By default, MySQL uses the latin1 (cp1252 West European) character set and the latin1_swedish_ci collation that sorts according to Swedish/Finnish rules. These defaults are suitable for the United States and most of Western Europe.

All MySQL binary distributions are compiled with --with-extra-charsets=complex. This adds code to all standard programs that enables them to handle latin1 and all multi-byte character sets within the binary. Other character sets are loaded from a character-set definition file when needed.

The character set determines what characters are allowed in identifiers. The collation determines how strings are sorted by the ORDER BY and GROUP BY clauses of the SELECT statement.

You can change the default server character set and collation with the --character-set-server and --collation-server options when you start the server. The collation must be a legal collation for the default character set. (Use the SHOW COLLATION statement to determine which collations are available for each character set.) See Section 5.2.1, “mysqld Command Options”.

The character sets available depend on the --with-charset=charset_name and --with-extra-charsets=list-of-charsets | complex | all | none options to configure, and the character set configuration files listed in SHAREDIR/charsets/Index. See Section 2.8.2, “Typical configure Options”.

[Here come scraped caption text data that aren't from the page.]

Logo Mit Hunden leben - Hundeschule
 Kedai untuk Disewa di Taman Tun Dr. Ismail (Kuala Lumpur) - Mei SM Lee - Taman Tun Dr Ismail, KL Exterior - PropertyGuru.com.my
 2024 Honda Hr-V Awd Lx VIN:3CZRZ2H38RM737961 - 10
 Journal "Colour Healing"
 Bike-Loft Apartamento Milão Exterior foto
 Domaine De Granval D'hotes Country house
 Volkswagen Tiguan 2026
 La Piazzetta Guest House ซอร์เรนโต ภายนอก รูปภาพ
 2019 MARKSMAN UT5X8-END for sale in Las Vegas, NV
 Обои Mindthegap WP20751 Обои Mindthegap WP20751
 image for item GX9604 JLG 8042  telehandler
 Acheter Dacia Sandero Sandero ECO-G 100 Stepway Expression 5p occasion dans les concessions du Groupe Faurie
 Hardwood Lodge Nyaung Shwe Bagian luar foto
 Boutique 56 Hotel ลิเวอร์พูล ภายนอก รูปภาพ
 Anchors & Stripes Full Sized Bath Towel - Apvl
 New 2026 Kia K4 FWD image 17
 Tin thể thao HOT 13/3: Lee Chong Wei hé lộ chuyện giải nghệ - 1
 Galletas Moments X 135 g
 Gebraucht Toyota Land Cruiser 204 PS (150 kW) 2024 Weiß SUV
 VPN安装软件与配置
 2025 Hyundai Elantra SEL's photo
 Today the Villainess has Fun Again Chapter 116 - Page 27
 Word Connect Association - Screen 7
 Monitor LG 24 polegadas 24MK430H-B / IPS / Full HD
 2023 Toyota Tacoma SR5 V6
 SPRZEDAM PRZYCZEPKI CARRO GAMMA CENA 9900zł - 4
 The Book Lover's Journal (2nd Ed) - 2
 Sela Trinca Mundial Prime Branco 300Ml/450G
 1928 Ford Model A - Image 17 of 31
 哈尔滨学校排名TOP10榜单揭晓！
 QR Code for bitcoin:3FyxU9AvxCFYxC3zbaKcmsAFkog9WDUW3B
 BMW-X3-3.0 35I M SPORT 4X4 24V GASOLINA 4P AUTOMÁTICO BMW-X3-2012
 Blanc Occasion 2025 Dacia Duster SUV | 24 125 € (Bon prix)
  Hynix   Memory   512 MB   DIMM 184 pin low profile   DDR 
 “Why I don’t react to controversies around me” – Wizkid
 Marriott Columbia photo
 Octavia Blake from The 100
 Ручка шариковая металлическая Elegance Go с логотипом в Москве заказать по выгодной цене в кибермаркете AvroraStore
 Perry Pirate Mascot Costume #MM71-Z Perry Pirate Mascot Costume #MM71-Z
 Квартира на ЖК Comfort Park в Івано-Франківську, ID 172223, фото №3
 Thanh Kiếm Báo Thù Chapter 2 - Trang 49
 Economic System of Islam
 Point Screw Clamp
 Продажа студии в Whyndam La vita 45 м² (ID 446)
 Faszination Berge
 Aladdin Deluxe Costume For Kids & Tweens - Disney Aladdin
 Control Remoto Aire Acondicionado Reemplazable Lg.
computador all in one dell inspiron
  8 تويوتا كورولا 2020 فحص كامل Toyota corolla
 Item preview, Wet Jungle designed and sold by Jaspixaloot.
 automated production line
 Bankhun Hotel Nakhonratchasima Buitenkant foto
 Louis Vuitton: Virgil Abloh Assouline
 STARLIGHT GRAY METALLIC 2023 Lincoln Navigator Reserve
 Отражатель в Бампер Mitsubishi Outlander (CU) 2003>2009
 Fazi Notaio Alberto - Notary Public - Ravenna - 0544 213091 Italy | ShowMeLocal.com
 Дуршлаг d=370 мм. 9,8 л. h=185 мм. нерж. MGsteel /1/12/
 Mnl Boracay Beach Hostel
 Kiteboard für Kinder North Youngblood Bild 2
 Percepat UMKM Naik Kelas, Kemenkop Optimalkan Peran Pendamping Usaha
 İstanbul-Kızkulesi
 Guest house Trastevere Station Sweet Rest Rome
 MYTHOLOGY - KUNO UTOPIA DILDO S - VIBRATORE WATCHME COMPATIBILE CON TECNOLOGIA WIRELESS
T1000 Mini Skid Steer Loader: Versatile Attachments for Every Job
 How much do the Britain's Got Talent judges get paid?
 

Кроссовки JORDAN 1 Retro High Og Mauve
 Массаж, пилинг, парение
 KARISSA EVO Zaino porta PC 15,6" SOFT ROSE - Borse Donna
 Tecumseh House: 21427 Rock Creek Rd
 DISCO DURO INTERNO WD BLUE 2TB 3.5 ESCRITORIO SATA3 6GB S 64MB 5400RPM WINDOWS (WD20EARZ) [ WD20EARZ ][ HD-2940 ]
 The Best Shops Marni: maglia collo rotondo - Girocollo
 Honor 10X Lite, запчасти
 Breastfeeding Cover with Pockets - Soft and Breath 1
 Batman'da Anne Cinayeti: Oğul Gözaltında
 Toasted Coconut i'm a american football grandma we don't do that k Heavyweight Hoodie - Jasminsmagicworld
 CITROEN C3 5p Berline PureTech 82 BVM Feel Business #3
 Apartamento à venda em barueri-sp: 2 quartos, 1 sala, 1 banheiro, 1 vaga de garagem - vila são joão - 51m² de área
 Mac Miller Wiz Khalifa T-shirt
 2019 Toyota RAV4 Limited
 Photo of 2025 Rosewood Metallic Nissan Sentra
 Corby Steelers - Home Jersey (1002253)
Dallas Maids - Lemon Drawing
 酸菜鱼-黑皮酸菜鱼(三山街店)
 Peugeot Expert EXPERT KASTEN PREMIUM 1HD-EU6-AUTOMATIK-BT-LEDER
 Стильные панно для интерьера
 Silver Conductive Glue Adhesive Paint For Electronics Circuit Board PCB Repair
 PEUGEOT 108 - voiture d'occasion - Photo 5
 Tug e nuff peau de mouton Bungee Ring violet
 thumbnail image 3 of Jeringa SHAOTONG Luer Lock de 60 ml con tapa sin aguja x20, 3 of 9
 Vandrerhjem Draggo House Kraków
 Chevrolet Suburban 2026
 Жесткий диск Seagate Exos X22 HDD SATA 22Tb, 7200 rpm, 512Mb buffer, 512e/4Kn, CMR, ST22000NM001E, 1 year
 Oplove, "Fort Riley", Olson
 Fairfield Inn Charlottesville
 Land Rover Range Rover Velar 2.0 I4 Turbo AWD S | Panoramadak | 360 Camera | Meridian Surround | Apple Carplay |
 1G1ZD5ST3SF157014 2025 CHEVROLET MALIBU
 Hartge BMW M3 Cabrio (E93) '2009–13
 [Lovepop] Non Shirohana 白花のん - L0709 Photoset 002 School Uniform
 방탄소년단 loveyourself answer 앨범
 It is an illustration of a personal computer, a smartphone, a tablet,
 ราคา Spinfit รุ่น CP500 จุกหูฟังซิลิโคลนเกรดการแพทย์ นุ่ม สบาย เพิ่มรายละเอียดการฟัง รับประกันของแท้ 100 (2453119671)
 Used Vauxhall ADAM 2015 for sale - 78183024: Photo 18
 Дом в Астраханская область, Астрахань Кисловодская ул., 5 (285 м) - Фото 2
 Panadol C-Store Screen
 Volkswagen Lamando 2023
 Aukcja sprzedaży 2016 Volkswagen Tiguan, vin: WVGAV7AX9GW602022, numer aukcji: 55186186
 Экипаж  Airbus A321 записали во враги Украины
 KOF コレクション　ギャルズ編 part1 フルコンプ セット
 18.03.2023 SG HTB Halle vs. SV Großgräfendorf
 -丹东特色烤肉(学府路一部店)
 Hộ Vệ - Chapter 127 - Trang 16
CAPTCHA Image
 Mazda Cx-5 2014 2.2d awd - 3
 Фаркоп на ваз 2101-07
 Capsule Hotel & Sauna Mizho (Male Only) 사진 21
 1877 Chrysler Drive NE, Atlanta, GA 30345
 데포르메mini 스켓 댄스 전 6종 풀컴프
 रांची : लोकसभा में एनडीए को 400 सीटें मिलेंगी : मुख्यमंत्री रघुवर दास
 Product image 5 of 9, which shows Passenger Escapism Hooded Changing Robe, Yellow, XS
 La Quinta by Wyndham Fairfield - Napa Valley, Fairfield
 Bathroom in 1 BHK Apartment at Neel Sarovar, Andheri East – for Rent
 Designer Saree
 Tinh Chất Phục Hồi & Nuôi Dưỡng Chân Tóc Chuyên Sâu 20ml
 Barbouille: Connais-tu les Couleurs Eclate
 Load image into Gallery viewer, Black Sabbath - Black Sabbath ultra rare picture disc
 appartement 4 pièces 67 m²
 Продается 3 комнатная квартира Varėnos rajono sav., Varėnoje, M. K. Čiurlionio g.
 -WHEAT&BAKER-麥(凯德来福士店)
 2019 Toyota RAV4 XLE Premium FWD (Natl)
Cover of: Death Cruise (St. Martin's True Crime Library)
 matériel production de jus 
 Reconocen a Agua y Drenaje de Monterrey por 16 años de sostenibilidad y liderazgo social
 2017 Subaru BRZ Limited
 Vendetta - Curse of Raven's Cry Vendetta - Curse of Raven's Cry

If you change the character set when running MySQL, that may also change the sort order. Consequently, you must run myisamchk -r -q --set-collation=collation_name on all tables, or your indexes may not be ordered correctly.

When a client connects to a MySQL server, the server indicates to the client what the server's default character set is. The client switches to this character set for this connection.

You should use mysql_real_escape_string() when escaping strings for an SQL query. mysql_real_escape_string() is identical to the old mysql_escape_string() function, except that it takes the MYSQL connection handle as the first parameter so that the appropriate character set can be taken into account when escaping characters.

If the client is compiled with paths that differ from where the server is installed and the user who configured MySQL didn't include all character sets in the MySQL binary, you must tell the client where it can find the additional character sets it needs if the server runs with a different character set from the client.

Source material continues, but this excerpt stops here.